There's a lot of folklore behind Iceland's culture and history- and not all of it sweet! For Halloween we're sharing a couple of stories about some of Iceland's unique mythology...
Elves in the Rocks
It's a common misconception that all Icelanders believe in elves- a lot of it is charming folklore and traditions which are kept alive, even if you don't really believe there are people hiding inside rocks. Some do believe though, and it's general practise that if an elf, or hidden person, is living inside a rock formation, any roads built must move around the elf rocks.
A case that proved these elves may be more powerful than suspected was when road workers in Siglufjordur covered a stone believed to hold a lady elf. After it was buried, mudslides occured along the road meaning work was disrupted, and bulldozers broke down. A reporter even sank to his middle in mud!
These elfin stones are classified as artefacts due to their connection to folklore, so the stone was restored and cleaned. Do you think it was elf mischief or a freak weather incident? Either way, we're happy the artefact was put back!
Deacon of Dark River
Here's an old Icelandic ghost story- spooky! It takes place in North Iceland, in the Horgardalur valley, and the most popular version of the tale is from the Folklore of Jon Arnason.
A deacon lived at Myrka farm (the name translates to Dark River), across the Horga river from his sweetheart Gudrun. He crossed the river in winter to discuss their plans for Christmas, where he'd pick her up and travel with her to Myrka.
Riding home and thinking of Gudrun, the deacon met an untimely fate when the bridge he was travelling broke, and he hit his head on a slab of ice in the river. Poor Gudrun didn't know her beloved had drowned, so it was no bother when he came to pick her up for Christmas a week later.
However, the deacon did not speak and his head was bound with scarves and a hat. Gudrun got a shock when his hat shifted and she saw the deacon's skull! He had come to pull her into an open grave, so they could be together, but luckily Gudrun escaped with her life. The grave filled up and the deacon disappeared. Hauntings took place for a fortnight afterwards, until a sorcerer moved a large rock on top of the deacon's grave.
You can still see the rock today- have you got chills?
Witches of the Westfjords
Bizarrely, most accused witches in Icelandic folklore were men- a very different case to witch hunts in Europe and America.
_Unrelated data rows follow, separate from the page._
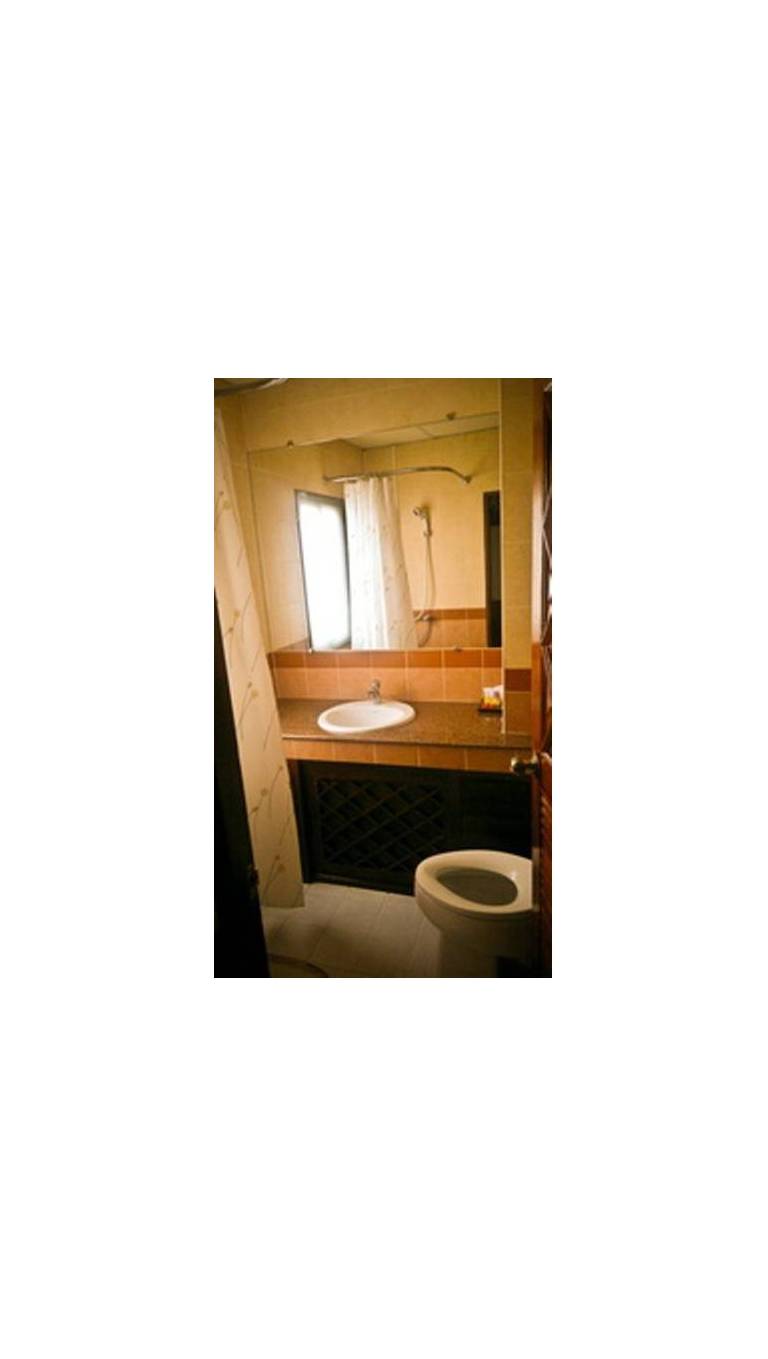 Thana Hotel & Guest House 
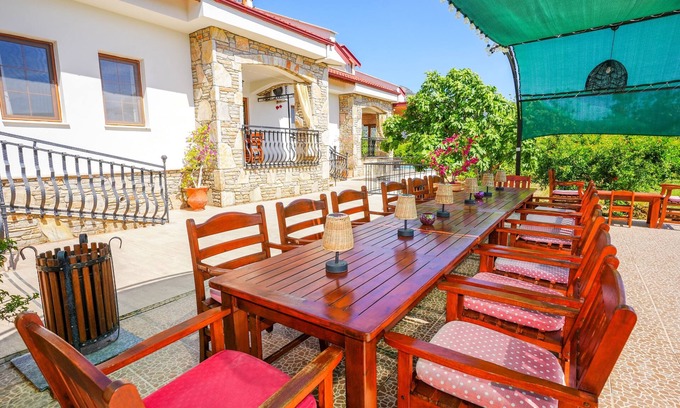 Dalyan Villa | Pomegranate Garden Villas. Three villas, 12 - 21 guests. Two swimming pools. n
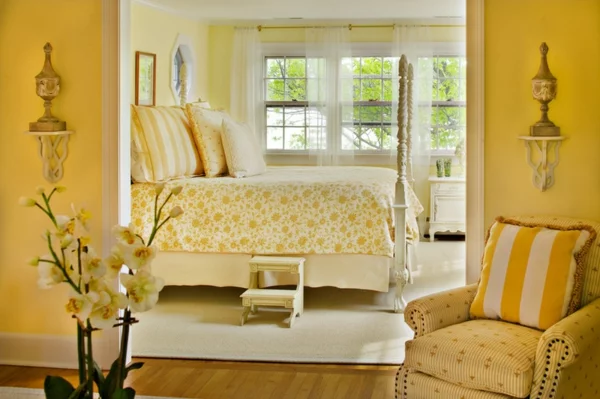 wandfarbe gelb schlafzimmer farbgestaltung wände streichen bettwäsche muster
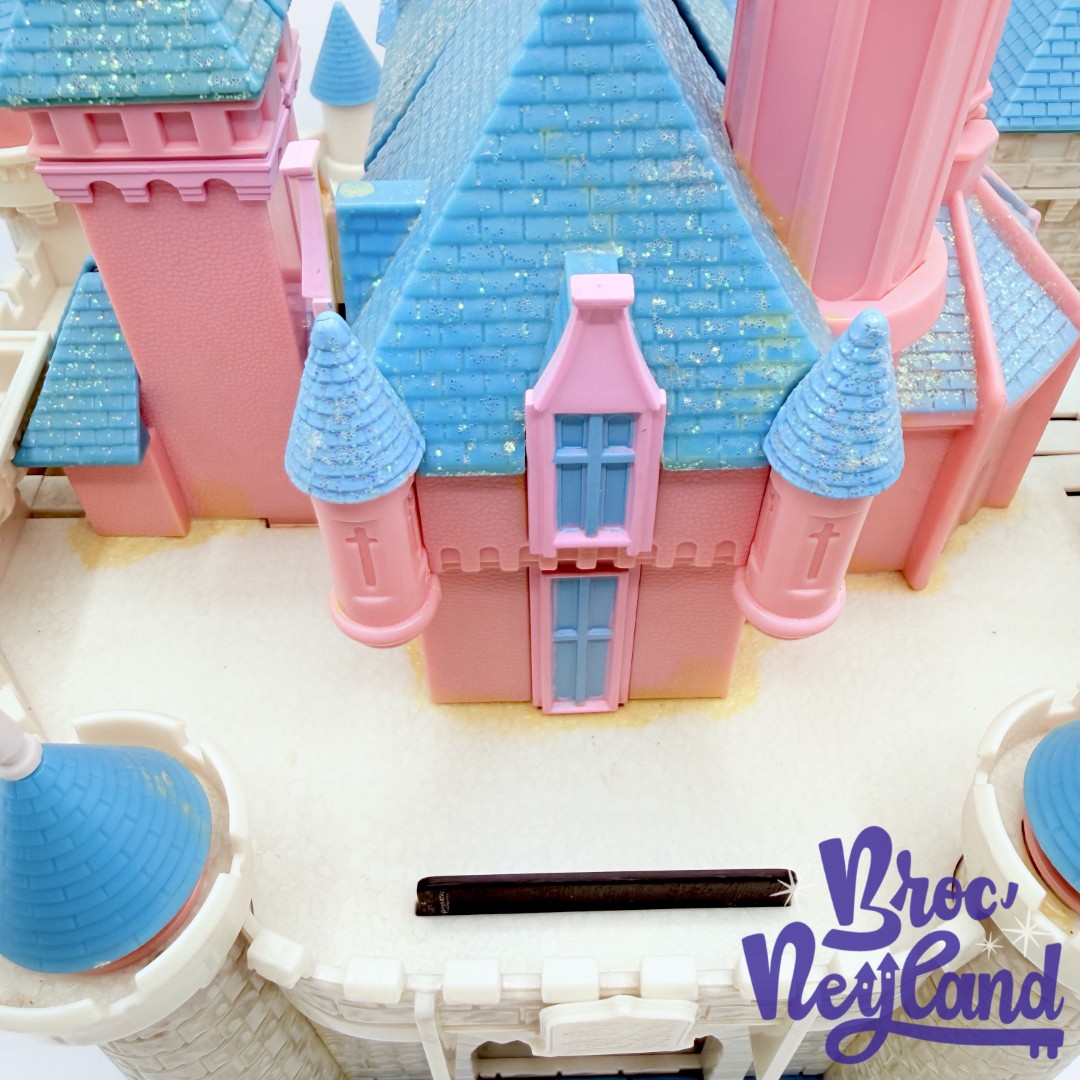 Jouet-Château-des-Princesses-Disneyland-Disney-Sleeping-Beauty-Castle-Playset-sonore-figurines (12)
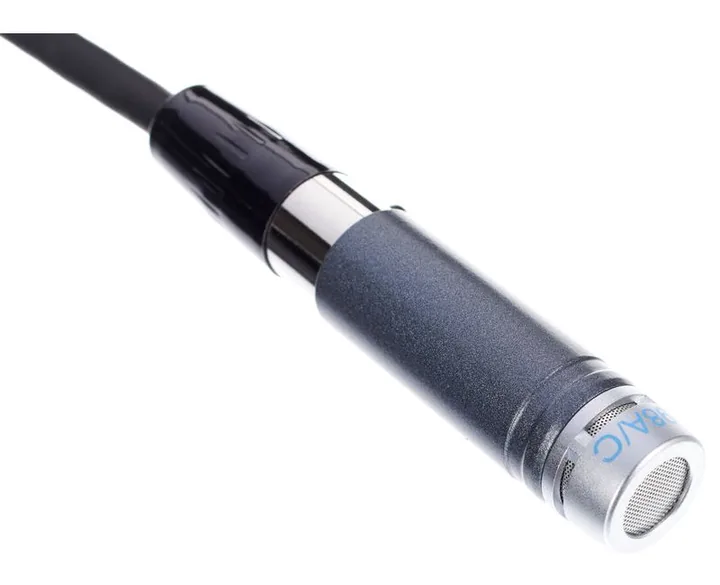 Shure Beta 98 AD/C, het frontale grillewerk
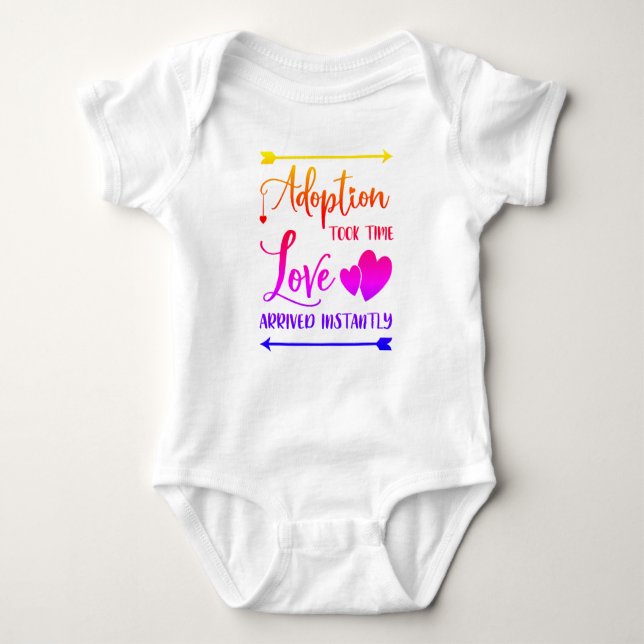 Adoption tog tid, Kärlek inträffade omedelbart Bab T Shirt (Framsida)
Holmavik in the Westfjords is home to the Museum of Icelandic Sorcery and Witchcraft, where you can see 'necropants' made of dried skins- creepy... They were apparently used in a spell from the 17th century, to bring riches to the conjuror.
Icelandic history and culture is rich in folklores and ancient sagas- we hope you enjoyed these creepy tales that might have been told on a cold night in a mud hut!